Why is Simplified Business Logic beneficial? Imagine launching new products and services in just a few clicks. A single simple, user-friendly interface enabling resources to execute business decisions rapidly is a game-changer when it comes to business agility. With abstracted and straightforward business logic, new products with customized rules and rates can be launched in minutes or days – a stark contrast to the current reality of many banks, where launching a new product can take months and cost millions.
Want to launch a new credit-card with a unique loyalty program? It can be done by a non-technical resource in a few clicks. Want to create a new savings account with promotional rates for healthcare workers? A few clicks. Want to automatically send notifications to high-risk clients to inform them that their balance is low? A few clicks.
So coming back to the main question: Why are some of the largest banks with the most complex needs turning towards the latest generation of providers for core banking software? Adding all the benefits of modularity, an open ecosystem, and simplified business logic, the competitive advantages that such systems provide are tremendous:
Increase the pace of innovation
Accelerate enterprise agility
Ease the access to external innovation
Empower non-technical resources
Reduce the burden on technical resources
The benefits are of even greater value if you believe the pace of financial services innovation will continue to accelerate and that financial offerings will increasingly compete through value-added services rather than on traditional products and price.
That being said, banks are aware of the added risk of implementing a less mature system. To access the benefits while mitigating risks, many banks choose to deploy third-generation solutions alongside their current core rather than as a replacement despite the additional costs of running overlapping systems.

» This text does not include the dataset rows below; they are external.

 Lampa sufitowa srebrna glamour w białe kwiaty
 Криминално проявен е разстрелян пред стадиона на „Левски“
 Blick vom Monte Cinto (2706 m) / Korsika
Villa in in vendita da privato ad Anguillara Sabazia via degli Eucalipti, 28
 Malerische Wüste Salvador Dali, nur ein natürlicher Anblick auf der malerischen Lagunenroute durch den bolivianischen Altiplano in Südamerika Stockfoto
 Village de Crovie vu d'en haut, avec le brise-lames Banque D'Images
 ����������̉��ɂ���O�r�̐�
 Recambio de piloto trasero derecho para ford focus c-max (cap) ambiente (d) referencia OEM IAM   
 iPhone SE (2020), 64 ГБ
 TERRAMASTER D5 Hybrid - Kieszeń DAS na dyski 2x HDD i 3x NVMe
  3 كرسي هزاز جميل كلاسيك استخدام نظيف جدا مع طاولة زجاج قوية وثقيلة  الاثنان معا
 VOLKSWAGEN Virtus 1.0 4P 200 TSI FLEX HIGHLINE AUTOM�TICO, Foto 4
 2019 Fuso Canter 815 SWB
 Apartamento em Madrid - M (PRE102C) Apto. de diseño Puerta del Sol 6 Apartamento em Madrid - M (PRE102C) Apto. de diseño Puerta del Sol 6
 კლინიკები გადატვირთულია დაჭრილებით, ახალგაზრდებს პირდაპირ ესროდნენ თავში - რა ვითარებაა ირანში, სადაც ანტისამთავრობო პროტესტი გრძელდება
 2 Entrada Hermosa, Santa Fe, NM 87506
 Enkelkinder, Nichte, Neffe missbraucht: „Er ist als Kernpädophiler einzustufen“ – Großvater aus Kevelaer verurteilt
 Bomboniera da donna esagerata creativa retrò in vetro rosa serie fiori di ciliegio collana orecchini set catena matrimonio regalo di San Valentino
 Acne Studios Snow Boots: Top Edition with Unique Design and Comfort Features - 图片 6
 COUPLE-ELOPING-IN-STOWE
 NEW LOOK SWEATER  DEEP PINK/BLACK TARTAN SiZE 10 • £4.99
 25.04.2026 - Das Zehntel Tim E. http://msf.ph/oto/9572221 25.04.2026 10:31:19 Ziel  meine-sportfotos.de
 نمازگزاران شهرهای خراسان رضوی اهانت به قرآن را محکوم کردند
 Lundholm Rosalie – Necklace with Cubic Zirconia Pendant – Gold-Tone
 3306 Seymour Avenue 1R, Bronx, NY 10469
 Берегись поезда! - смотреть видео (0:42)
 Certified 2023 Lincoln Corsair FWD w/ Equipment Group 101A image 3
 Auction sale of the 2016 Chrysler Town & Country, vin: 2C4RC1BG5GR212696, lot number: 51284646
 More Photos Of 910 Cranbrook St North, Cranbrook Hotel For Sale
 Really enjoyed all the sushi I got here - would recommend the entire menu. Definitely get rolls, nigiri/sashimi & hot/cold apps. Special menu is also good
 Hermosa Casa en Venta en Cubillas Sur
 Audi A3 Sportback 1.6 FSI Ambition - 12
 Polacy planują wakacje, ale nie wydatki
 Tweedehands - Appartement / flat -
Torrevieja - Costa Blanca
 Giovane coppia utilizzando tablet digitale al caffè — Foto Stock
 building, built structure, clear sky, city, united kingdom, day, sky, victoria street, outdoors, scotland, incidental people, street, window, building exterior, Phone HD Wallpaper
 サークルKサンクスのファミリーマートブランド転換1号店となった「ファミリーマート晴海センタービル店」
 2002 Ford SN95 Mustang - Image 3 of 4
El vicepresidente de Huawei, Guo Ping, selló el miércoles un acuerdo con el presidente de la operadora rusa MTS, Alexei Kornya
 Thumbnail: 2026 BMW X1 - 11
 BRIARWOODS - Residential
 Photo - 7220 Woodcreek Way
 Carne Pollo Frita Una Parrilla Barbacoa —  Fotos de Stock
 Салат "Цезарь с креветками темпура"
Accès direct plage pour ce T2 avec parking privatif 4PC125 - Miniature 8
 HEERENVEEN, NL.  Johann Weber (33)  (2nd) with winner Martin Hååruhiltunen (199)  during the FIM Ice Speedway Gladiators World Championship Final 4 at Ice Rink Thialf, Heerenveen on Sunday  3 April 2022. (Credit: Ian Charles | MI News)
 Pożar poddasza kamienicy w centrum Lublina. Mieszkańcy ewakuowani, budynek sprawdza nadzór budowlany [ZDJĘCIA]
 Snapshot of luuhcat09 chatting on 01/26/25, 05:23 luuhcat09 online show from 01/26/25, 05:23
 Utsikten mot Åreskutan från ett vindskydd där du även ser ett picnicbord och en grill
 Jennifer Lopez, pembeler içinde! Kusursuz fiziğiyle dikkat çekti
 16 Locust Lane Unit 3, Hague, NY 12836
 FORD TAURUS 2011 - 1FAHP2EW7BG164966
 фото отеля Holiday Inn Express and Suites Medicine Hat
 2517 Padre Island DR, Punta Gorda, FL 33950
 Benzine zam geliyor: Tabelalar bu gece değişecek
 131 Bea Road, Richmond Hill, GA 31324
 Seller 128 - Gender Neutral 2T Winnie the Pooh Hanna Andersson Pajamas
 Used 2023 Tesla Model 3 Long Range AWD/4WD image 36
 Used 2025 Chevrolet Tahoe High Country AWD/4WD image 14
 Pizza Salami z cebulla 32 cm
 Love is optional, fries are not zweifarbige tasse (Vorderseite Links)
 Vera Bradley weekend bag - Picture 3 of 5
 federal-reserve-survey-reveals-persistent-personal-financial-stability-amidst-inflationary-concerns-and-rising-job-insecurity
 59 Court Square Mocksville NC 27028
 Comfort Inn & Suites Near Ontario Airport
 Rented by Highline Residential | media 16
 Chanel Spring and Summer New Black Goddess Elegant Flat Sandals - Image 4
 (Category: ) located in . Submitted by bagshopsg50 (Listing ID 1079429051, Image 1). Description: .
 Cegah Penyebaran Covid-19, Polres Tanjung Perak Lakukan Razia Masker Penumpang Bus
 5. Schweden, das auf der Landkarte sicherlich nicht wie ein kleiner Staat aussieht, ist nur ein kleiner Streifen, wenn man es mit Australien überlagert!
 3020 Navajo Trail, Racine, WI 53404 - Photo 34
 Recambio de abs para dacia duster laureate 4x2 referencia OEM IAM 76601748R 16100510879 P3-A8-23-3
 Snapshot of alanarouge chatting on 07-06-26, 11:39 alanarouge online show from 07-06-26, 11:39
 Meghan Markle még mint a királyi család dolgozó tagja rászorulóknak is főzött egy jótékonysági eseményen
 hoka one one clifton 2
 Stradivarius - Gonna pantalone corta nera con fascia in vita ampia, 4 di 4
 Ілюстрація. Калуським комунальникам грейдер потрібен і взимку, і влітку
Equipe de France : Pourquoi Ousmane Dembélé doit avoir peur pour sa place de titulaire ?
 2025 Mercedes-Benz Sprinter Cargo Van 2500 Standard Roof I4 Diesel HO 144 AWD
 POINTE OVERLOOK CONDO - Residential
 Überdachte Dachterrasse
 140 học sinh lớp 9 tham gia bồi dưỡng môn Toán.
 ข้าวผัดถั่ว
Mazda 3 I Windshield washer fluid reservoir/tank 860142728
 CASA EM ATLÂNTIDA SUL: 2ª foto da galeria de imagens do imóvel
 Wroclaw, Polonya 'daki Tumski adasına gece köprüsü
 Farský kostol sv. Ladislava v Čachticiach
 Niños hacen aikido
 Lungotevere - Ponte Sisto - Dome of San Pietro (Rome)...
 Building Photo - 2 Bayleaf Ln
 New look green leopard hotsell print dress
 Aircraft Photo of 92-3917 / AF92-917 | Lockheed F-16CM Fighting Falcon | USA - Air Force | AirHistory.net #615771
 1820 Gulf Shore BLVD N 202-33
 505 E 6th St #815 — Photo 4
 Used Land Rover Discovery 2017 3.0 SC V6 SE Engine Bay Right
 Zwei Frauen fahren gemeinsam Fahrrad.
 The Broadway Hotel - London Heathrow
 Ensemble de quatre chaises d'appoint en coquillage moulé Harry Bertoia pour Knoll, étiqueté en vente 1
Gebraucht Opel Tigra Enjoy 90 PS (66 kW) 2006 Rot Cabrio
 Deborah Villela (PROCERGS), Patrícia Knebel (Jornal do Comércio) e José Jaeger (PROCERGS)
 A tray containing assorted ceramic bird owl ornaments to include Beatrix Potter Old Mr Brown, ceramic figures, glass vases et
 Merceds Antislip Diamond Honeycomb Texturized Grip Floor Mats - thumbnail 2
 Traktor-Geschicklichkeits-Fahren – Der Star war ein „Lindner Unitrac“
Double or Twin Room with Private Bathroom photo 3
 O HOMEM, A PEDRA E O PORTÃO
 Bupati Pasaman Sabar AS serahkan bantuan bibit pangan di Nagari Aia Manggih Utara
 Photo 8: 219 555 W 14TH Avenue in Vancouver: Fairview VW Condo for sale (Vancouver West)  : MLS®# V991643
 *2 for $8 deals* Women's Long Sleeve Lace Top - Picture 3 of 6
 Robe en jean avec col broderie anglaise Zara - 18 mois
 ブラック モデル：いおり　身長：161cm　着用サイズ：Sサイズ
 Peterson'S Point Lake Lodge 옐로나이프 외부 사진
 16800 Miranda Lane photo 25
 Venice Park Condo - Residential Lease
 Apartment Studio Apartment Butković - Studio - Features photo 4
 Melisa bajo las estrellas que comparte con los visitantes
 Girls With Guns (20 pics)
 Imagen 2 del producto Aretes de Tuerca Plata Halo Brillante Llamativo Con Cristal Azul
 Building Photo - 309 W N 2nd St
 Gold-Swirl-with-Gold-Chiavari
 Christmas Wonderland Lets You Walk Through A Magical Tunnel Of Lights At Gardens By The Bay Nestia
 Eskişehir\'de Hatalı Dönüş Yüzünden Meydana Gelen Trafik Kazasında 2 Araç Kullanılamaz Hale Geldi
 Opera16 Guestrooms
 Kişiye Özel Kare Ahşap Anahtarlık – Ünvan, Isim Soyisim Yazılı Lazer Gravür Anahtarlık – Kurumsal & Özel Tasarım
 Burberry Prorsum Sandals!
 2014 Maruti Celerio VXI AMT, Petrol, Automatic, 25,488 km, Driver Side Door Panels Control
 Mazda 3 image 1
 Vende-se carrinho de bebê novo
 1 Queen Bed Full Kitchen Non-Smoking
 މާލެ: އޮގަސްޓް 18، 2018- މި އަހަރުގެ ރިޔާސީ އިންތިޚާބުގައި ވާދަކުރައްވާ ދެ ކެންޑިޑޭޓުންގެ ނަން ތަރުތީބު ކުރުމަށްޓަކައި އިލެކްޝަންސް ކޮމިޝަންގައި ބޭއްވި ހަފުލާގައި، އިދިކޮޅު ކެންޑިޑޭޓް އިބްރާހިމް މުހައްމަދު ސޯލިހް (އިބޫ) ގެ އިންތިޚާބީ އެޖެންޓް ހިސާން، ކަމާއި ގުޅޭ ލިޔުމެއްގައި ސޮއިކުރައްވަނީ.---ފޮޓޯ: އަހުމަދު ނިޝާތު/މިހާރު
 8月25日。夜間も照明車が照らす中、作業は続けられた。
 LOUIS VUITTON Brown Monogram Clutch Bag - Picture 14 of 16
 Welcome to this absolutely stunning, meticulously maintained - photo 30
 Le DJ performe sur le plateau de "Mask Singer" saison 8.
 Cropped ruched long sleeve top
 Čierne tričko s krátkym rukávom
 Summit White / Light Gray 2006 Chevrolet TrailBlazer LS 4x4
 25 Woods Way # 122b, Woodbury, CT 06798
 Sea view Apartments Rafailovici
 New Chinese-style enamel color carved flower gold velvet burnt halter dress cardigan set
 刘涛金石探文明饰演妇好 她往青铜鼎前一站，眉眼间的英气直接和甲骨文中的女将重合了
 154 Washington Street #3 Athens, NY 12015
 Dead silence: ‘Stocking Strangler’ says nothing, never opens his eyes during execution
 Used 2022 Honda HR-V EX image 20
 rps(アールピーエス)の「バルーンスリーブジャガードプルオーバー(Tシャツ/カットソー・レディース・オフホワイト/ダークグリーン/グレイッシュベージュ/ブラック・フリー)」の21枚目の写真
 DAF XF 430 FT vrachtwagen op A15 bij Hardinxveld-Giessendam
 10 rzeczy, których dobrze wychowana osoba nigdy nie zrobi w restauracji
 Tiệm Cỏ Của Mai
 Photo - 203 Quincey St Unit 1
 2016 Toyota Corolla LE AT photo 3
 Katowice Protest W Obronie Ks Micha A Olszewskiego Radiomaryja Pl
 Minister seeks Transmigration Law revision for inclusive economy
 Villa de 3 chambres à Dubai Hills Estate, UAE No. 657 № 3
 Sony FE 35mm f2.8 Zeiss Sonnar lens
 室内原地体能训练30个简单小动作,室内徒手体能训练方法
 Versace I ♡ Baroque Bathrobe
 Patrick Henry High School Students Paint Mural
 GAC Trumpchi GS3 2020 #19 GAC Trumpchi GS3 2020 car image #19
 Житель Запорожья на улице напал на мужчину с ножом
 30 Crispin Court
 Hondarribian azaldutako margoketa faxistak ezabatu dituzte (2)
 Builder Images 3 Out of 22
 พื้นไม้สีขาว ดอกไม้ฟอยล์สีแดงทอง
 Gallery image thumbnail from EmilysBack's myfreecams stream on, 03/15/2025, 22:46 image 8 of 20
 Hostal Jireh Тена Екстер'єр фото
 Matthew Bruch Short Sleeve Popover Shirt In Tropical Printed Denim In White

By avoiding “big bang” migrations, banks can build upon and test third-generation solutions without jeopardizing their existing operations. This approach reduces the operational downside to delays in the time-to-market of innovative offerings. A worthwhile trade-off for the opportunity to build the bank of tomorrow.
Banks that become early-adopters also benefit from additional opportunities to sweeten their risk-reward calculation. Banks that opt for immature banking technology providers can benefit from discounted pricing, influence the product roadmap, and share in the company’s success through equity or warrants. Early-stage companies are often willing to make these concessions in order to benefit from market validation, anchor clients, and client references.
All this being said, unless a bank requires a new platform on which to migrate its core business immediately, investing in the infrastructure of tomorrow makes more sense than locking themselves into the constraints of yesterday’s technology.
Closing Thoughts: Third-generation systems offer the potential to remove many of the technology barriers and limitations currently stifling financial services innovation. By becoming more modular, open, and consolidating and simplifying business logic, these systems redefine the very meaning of a core.
Will the new definition of a core be the underlying ledger or the business logic layer that orchestrates and controls all the banking primitives and microservices (e.g. 11:FS Foundry)? Or will the definition evolve to encompass companies that provide the core primitives for the store of value (e.g. Thought Machine, Tuum), payments (e.g. Moov), lending, or compliance?
The core of the future is uncertain; what is clear is that it won’t be what we have today.